Disciplina: Informática aplicada no ensino de Ciências e Matemática
Professora: Kellen
Alunos: Marcelo Silva
Cybelle Castro
Maria Alencar
REPRODUÇÃO NOS SERES VIVOS
A reprodução é uma característica fundamental dos seres vivos. Permitindo a formação de novos indivíduos, assegura a perpetuação das espécies e, consequentemente, a continuidade da vida no nosso planeta.
É através da reprodução que o material genético é transmitido de geração em geração, umas vezes mantendo as características, outras produzindo algumas alterações.
Para ultrapassar as incertezas do meio e assegurar a produção de novas gerações, a Natureza adoptou numerosas, e por vezes fantásticas, estratégias de reprodução, que globalmente se podem agrupar em dois processos básicos: reprodução assexuada e reprodução sexuada.
A reprodução assexuada permite a formação de novos indivíduos a partir de um só progenitor, sem que haja a intervenção de células sexuais — os gâmetas. Deste modo, não há fecundação e, consequentemente, não ocorre formação do zigoto.
Neste tipo de reprodução, os descendentes desenvolvem-se a partir de uma célula ou de um conjunto de células do progenitor, pelo que todos os indivíduos são geneticamente iguais.
Assim, a partir de um só indivíduo podem formar-se numerosos indivíduos geneticamente idênticos, designando-se este agregado por clone. A produção destes indivíduos designa-se por clonagem. Todos os membros de um clone são geneticamente iguais e provêm de um só progenitor.
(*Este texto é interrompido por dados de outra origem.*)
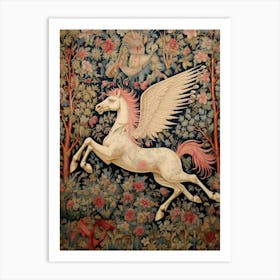 Pegasus Floral Tapestry Style  Art Print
Muitos dos organismos que se reproduzem assexuadamente também o podem fazer sexuadamente, sempre que as condições do meio lhes sejam desfavoráveis. Esta capacidade permite-lhes ultrapassar o risco de extinção uma vez que a reprodução sexuada conduz à variabilidade genética e, consequentemente, a uma maior capacidade para ultrapassar a adversidade do meio ambiente. Os seres vivos em que os dois tipos de reprodução alternam periodicamente possuem alternância de gerações no seu ciclo de vida.
I I – Reprodução Sexuada
A reprodução sexuada está dependente da fecundação, ou seja, da união de duas células especializadas, denominadas gâmetas. Durante a fecundação ocorre a cariogamia, isto é, a fusão dos núcleos dos gâmetas. Desta união resulta uma célula chamada ovo ou zigoto que, por mitose sucessivas, origina um indivíduo com características resultantes da combinação genética dos gâmetas dos progenitores.
Como da fecundação tem de resultar um ovo diplóide, isto é, com o número normal de cromossomas da espécie (2n), é necessário que cada gâmeta seja haplóide, ou seja, tenha metade do número destes cromossomas (n). Por este fato os gâmetas são formados através de um tipo especial de divisão celular que se chama meiose.
A meiose é, então, um processo de divisão celular a partir do qual, uma célula diplóide (2n) origina quatro células haplóides (n), isto quer dizer que, as células-filhas apresentam metade do número de cromossomas da célula-mãe.